También es el Nueva York pendenciero y corrupto de Distrito Apache, el paraíso de la heroína que corría por las venas de la ciudad; el Nueva York de Érase una vez en América o de la saga de El padrino, controlado por los tentáculos de la mafia; el Nueva York paranoico y alucinado de Birdman, desplegado en un único plano secuencia; el Nueva York glamuroso y reluciente de Desayuno con diamantes, recorrido a primera hora de la mañana por una impecable Audrey Hepburn, mientras suenan de fondo los acordes pegadizos de Moon River.
Eso por no mencionar el Nueva York de Woody Allen, al menos de buena parte de su filmografía, de algunas de sus mejores películas: el poema visual en blanco y negro que recorre todos los fotogramas de la nostálgica Manhattan; el Nueva York de los misteriosos asesinatos cometidos por maridos ignominiosos, que casi nunca son lo que aparentan ser; el Nueva York que mezcla realidad y ficción cinematográfica en La rosa púrpura de El Cairo, un homenaje indisimulado a El moderno Scherlock Holmes de Buster Keaton; el Nueva York de Maridos y mujeres, escenario contemporáneo de las incertidumbres existenciales aprendidas de Bergman.
Pero no solo el cine, con su espectacularidad de artificio, consigue fijar iconografías indelebles en la memoria colectiva de los espectadores. También otras disciplinas, como la literatura, la fotografía o la pintura, contribuyen a forjar otras imágenes de las ciudades que se superponen a las de la ciudad real.
No podemos volver a ver Nueva York de la misma forma después de haber contemplado los lienzos de Hopper, con sus escaparates de cafeterías desoladas a altas horas de la madrugada, con esas estampas tan contundentes de incomunicación y de soledad y de extrañamiento.
La literatura es también una fuente inagotable de resonancias míticas: casi sin pensarlo, de manera inmediata, hay ciudades que inevitablemente asociamos a ciertos escritores, que las eligieron como los espacios de sus creaciones literarias.
De ahí que identifiquemos el «Madrid de Galdós» como el ambiente refinado y pueblerino al mismo tiempo del siglo XIX español; la «Praga de Kafka» como un sitio oscuro y opresivo; el «París de Hemingway» como un lugar eternamente festivo o la «Lisboa de Pessoa» como el fértil territorio de la saudade.
Si ampliamos el foco y pensamos en el caso de las ficciones literarias, poco importa que las ciudades figuren de verdad en los mapas y en las guías de viaje, como cualquiera de las anteriores, o sean ficciones procedentes de la audacia de los escritores, como sucede con la «Santa María» de Onetti, el «Macondo» de García Márquez, la «Comala» de Rulfo o el «Yoknapatawpha» de Faulkner, paisajes identificables por la memoria de los lectores.
Incluso podemos llegar a conocer mejor estos lugares (su historia y su idiosincrasia, las vicisitudes de sus habitantes, el ruido y los aromas que desprenden sus bares), que ciertas zonas del barrio en el que vivimos, las calles adyacentes y nunca recorridas a la nuestra.

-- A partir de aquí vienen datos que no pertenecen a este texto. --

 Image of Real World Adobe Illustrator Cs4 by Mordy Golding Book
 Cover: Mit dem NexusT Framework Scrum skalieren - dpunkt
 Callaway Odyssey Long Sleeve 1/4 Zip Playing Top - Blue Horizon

Gracias a la magia de la literatura, nos referimos a ellos como lugares comunes y habituales, hablamos sobre ellos con una entusiasta familiaridad, como si hubiésemos recorrido con parsimonia su geografía inventada, como si conociésemos perfectamente cada uno de sus rincones.

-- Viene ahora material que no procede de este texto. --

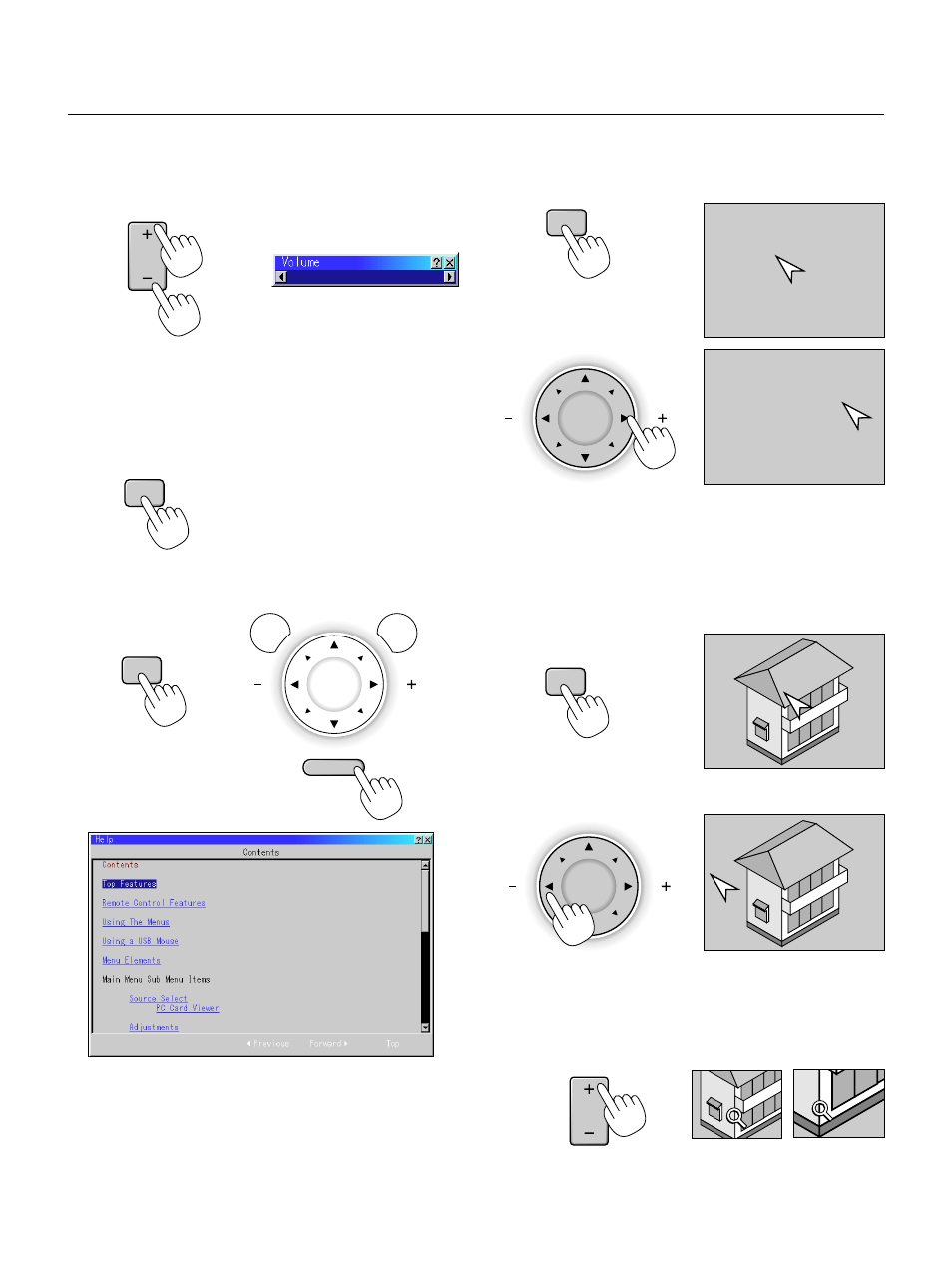 E – 28 | NEC LT155 User Manual | Page 28 / 56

Basta el encuentro entre la ciudad y una mirada para que surja un nuevo espacio, idéntico y al mismo tiempo autónomo, con entidad propia, confeccionado a partir de nuevos elementos que se superponen como capas tectónicas sobre el escenario original.
Disfrutamos y fomentamos a partes iguales este arte de la distorsión, tal y como lo define Juan Gabriel Vásquez: como animales narrativos que somos, nos encanta contar y que nos cuenten historias. Sobre todo, las historias que podemos asociar a lugares determinados, territorios reconocibles o geografías diferenciables del resto.
Poco importa que sean lugares reales o meros productos de la imaginación. Lo único verdaderamente importante es que nos permitan explicar y explicarnos a nosotros mismos a través de ellos.